Let me preface this by saying, if you knew me, you’d know that I almost never read. It’s just that I rarely find a story immersive enough to combat the countless thoughts that are running through my mind at any one moment or another.

Most of my friends read The Hunger Games prior to when the movie being released, and they weren’t too thrilled about seeing it. As in most adaptations they felt like the big screen version could not live up to their imagination. Nevertheless, I was excited to see it. It’s exactly the type of story I adore: the reluctant heroes quest. The heroine, a teenager, so motivated by emotion and love for her family choose to face head on the odds of eminent death and murder. And I, having not been biased from ever reading the story, was pretty sure the movie was going to be something I enjoyed. But yet I waited, mostly because almost everyone I knew saw it in the theater, so when it came out on iTunes it was time to get my movie on.

And love it, I did. I adored The Hunger Games movie. It was completely moving, captivating and I never questioned any of it, even if it didn’t entirely make sense. I was entertained, but there was something missing. It’s one of those movies where days later, I’m still thinking about it. I wanted to know more, I wanted to know how the story ended and more details about what happened in the first book.

Took me a week to decide to commit and borrow the books from Yvo. When I finally did, all I wanted to do that weekend was read. Imagine if you will, me, walking around with an iPad covering where my face when I was at Disneyland and while we were supposed to be shopping at the mall, I just plopped myself down in the comfy chairs of the shoe section and waved away folks trying to help me. Completely disinterested in the world around me, while I had these books in my possession. Some may call this OCD, but I fell in love with Peeta and Katniss. Adored Peeta’s earnestness and emotional intelligence, and Katniss not for her ferocity, but I love what she says about feeling you owe people something when they have done something meaningful for you, even if they didn’t think of it as something significant. Personally, that made Katniss very relatable.
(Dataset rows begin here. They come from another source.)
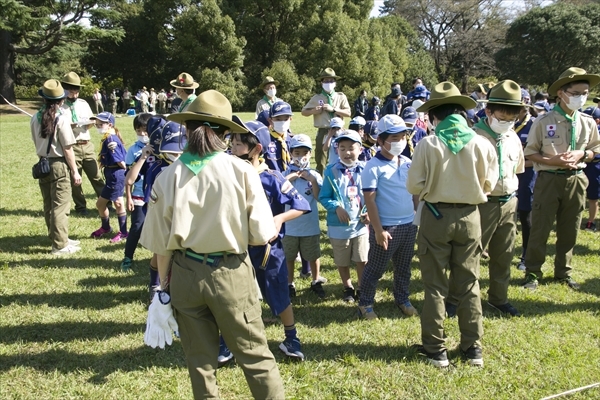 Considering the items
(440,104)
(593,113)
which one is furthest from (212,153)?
(593,113)

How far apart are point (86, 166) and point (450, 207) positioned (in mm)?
7250

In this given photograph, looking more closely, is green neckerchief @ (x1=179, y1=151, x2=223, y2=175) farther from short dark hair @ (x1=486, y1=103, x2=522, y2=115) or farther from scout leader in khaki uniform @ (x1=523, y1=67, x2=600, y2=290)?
scout leader in khaki uniform @ (x1=523, y1=67, x2=600, y2=290)

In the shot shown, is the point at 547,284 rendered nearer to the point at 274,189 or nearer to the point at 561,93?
the point at 561,93

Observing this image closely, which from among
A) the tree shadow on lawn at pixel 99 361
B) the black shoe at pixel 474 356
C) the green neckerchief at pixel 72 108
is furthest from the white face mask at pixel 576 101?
the green neckerchief at pixel 72 108

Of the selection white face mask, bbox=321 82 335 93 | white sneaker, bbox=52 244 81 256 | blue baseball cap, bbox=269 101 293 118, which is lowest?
white sneaker, bbox=52 244 81 256

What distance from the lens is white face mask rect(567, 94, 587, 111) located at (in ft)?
17.4

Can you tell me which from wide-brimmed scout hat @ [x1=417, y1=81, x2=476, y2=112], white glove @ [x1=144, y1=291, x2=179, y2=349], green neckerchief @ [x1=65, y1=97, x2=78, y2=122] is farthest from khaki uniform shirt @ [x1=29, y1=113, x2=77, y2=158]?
wide-brimmed scout hat @ [x1=417, y1=81, x2=476, y2=112]

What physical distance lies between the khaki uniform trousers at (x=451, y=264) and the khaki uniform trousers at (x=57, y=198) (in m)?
5.08

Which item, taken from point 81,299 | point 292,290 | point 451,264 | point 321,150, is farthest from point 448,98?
point 321,150

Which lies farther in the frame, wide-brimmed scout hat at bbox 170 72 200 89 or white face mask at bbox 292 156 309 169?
wide-brimmed scout hat at bbox 170 72 200 89

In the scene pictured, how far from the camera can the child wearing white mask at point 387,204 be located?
15.3 ft

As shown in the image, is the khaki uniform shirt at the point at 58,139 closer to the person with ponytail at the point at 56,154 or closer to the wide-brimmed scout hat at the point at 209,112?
the person with ponytail at the point at 56,154

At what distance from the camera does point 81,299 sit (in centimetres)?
559

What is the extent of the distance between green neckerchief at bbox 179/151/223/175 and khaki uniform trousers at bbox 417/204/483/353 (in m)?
1.92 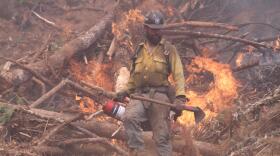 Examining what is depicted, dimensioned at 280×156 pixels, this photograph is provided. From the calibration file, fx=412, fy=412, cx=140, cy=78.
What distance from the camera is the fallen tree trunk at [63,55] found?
8383 millimetres

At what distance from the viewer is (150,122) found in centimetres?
582

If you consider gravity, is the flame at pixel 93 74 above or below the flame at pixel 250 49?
below

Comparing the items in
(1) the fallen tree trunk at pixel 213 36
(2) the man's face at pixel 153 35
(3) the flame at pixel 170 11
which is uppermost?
(3) the flame at pixel 170 11

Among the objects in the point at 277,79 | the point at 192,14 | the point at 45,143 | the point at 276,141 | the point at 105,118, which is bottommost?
the point at 45,143

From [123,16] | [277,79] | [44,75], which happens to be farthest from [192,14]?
[44,75]

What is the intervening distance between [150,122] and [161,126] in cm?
24

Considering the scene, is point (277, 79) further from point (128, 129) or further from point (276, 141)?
point (128, 129)

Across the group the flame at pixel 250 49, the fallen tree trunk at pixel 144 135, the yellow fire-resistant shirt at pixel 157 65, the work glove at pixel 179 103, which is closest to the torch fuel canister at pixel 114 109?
the yellow fire-resistant shirt at pixel 157 65

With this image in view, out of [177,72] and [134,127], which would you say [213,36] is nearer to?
[177,72]

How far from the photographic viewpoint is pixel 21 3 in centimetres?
1338

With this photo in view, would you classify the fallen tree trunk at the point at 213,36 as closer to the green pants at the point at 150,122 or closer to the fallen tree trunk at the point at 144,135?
the fallen tree trunk at the point at 144,135

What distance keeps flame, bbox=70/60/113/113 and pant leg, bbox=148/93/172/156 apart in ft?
8.88

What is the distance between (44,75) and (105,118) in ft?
8.01

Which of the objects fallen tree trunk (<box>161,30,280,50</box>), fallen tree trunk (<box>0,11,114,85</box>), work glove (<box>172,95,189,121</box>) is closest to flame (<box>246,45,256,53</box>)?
fallen tree trunk (<box>161,30,280,50</box>) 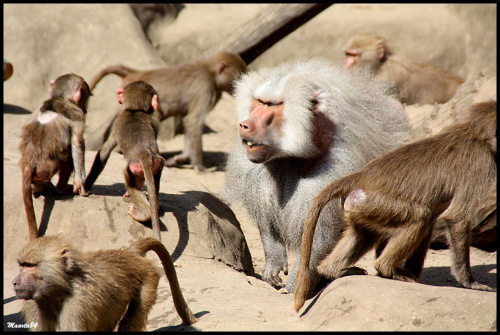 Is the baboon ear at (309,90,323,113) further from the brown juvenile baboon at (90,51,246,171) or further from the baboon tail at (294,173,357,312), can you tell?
the brown juvenile baboon at (90,51,246,171)

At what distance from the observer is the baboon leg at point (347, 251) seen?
10.3ft

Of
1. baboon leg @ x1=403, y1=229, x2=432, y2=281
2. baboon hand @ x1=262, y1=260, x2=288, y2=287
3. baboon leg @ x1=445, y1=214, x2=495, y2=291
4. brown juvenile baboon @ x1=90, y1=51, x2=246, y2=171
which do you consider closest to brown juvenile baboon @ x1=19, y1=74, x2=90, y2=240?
baboon hand @ x1=262, y1=260, x2=288, y2=287

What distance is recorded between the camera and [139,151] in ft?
12.1

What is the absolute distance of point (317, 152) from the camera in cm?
348

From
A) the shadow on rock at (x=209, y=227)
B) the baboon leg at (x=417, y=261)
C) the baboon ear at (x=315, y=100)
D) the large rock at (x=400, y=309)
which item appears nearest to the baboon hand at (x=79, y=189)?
the shadow on rock at (x=209, y=227)

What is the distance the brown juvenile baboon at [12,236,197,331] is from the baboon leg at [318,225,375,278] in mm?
830

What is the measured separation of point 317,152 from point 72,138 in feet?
4.75

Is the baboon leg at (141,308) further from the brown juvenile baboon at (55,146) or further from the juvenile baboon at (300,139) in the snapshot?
the brown juvenile baboon at (55,146)

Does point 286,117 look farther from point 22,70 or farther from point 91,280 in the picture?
point 22,70

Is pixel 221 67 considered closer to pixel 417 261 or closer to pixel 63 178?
pixel 63 178

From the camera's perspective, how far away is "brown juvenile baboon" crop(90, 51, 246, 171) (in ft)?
21.7

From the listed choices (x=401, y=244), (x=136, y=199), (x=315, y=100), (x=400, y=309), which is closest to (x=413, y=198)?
(x=401, y=244)

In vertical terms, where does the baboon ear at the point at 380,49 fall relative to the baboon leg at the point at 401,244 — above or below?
below

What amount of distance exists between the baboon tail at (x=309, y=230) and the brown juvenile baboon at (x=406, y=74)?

While the ending of the books left me a little puzzled, and actually most of the 3rd book seemed rushed and unapologetic, I’m hoping the 3rd movie will help to resolve the story a bit more more. But I loved it. It’s about 3 weeks later and I’m still thoughtfully reminiscing about the book and re-reading *gasp* yes, re-reading, something completely unheard of for me. Thanks Suzanne Collins for sparking my interest in other worlds again, and reintroducing me to imagination again.